As we were already in Copenhagen, we thought it be a pity not to make a day trip to Malmö, the third largest city in Sweden. This was also in part to appease my obsession with the various Scandi crime dramas that are the rage on TV with the latest “The Bridge” being based on this infamous bridge in Europe linking Denmark and Sweden. The train takes 35 minutes across one of the longest bridges in Europe. Malmö is a small town and you can walk around leisurely in a couple of hours taking in the main sights:
Stortorget, Malmo’s oldest square, with the city hall to the left is 2 minutes from the Central Station. As you walk across the square, the street on the right will lead you to Lilla Torg, an animated little square full of typical Swedish restaurants, cafes and shops and where the locals and tourists gather. Several interesting buildings are around the square, including Hedmanska Gården – an enclosed courtyard where the oldest half-timbered house dates from the 16th century. The Design Museum was housed here however closed on Monday so we were unable to venture in. The street from the main square to the left leads to Sodergatan, which is the gateway to the principal pedestrian shopping area of the city.

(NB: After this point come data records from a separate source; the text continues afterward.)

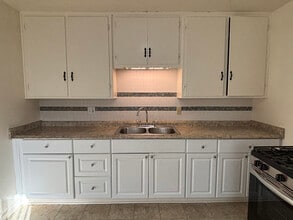 1131 Georgia St in Imperial Beach, CA - Building Photo - Building Photo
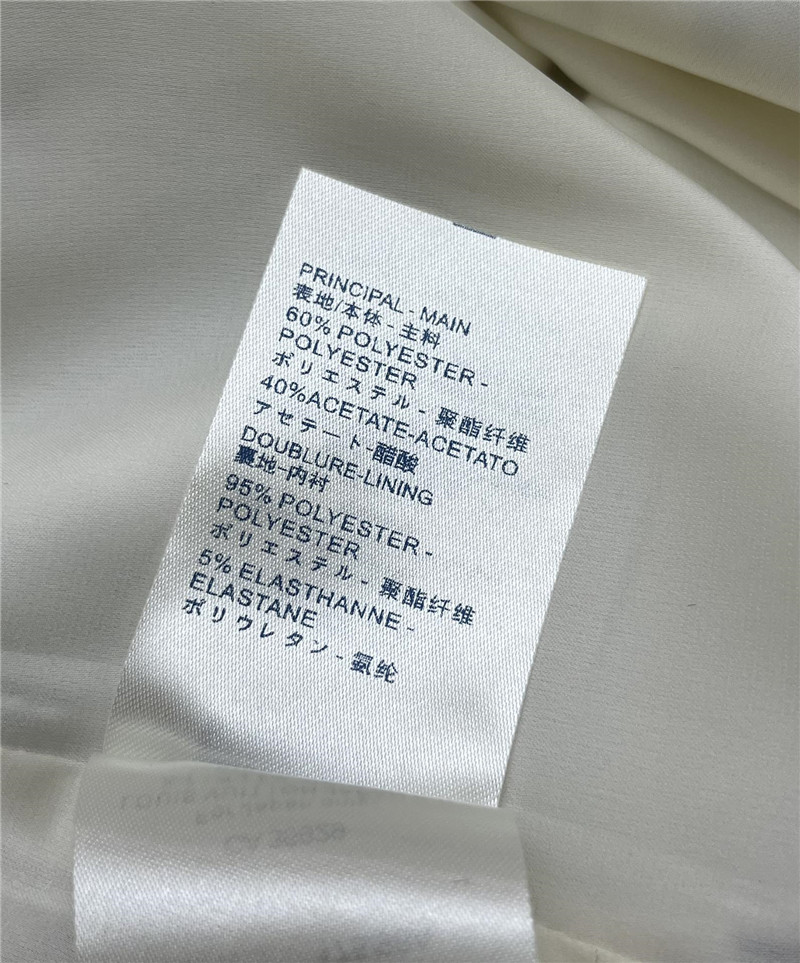 l0vis Vvtt0n lv sleeveless dress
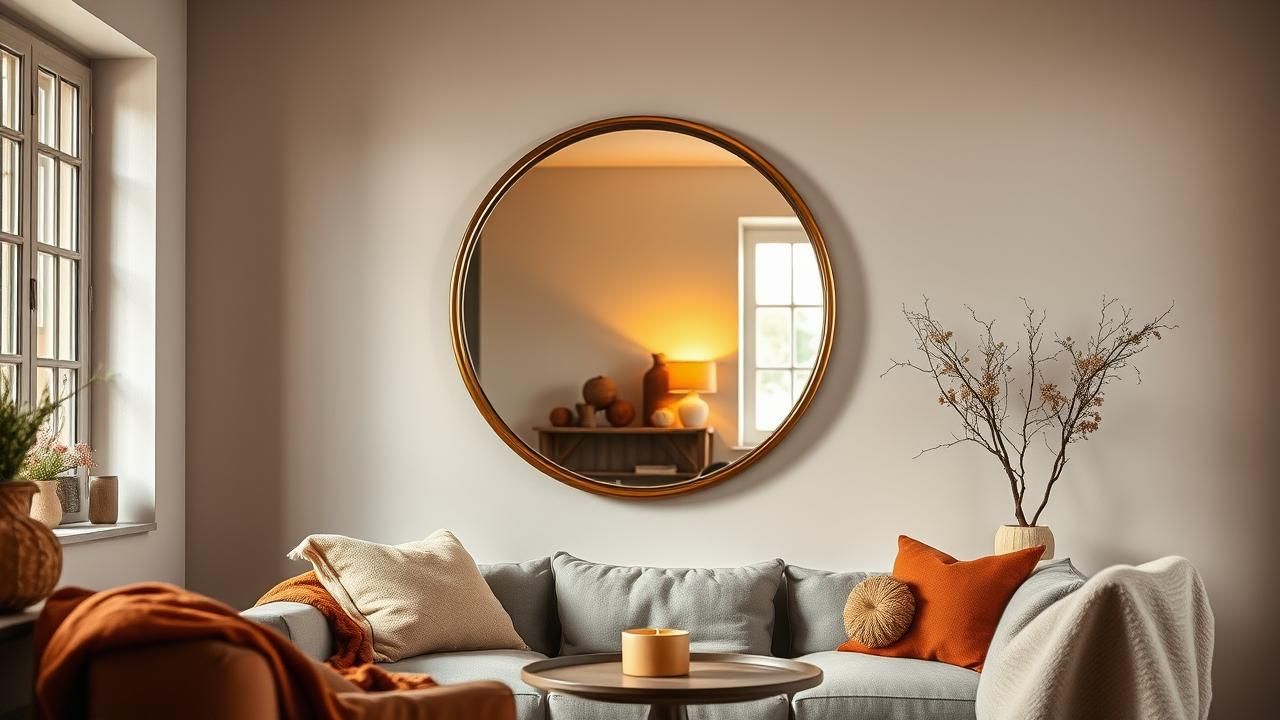 Detail Mural Annees 70 Tendance 2023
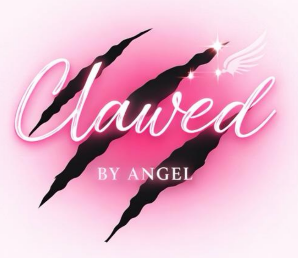 Clawed by Angel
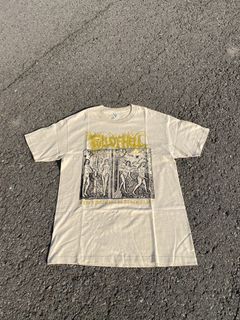 (Kategori: ) berada di . Dikirim oleh grimehouse775 (ID iklan 1455681734, Gambar 1). Deskripsi: .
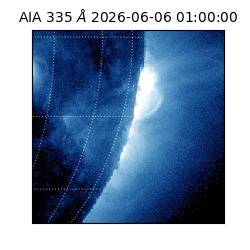 saia - 2026-06-06T01:00:00.632000
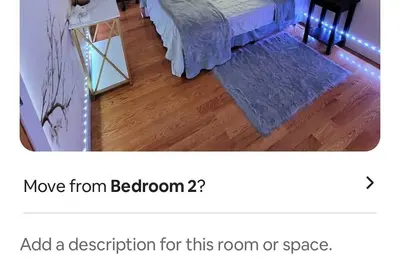 Image de Delightful 1-bedroom apartment in Queens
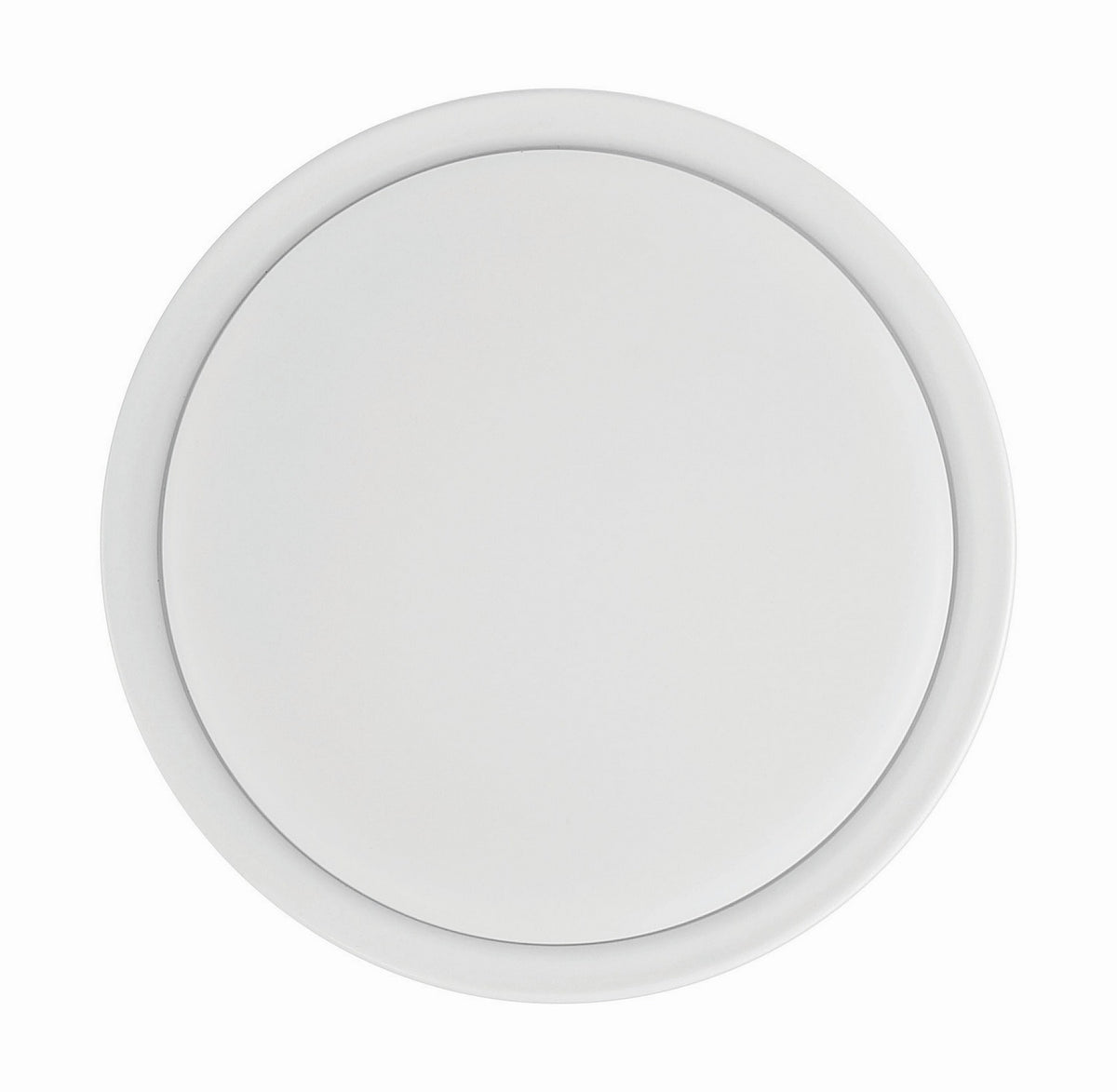 Craftmade - PHB52LK-W-LED - LED Fan Light Kit - Phoebe light kit - White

Afterwards we headed towards Slottsträdgården, or “The Castle Garden” which features many small walking paths, canals, a windmill and a café. In the middle sits a castle in question: “Malmöhus” a fortress dates from the 1400s, which is a museum in which visitors can see dungeons, cannon towers and a large aquarium.
Malmö’s Western Harbour has become an exclusive neighbourhood, with high class restaurants and expensive apartments. This is the location of Sweden’s tallest building, “Turning Torso”, made up of nine cubes with a 90-degree twist from the base to the top.
You can also experience a healthy and relaxing experience by visiting Ribersborgs Kallbadhus, one of the oldest established bathhouses in Malmö where you can brave a bath in the sea and use the Swedish sauna. It was far too cold for this!
Fika is a social ritual in Sweden, and is similar to our version of afternoon tea where you take a break and enjoy a snack and a coffee. Our fika was in Hollandia, a classic café and patisserie with elegant salon-style ambience and great pastries.
What is great about Malmö is that the main places of interest are all not too far from the central station so a day’s visit will give you ample time for a leisurely stroll of the city.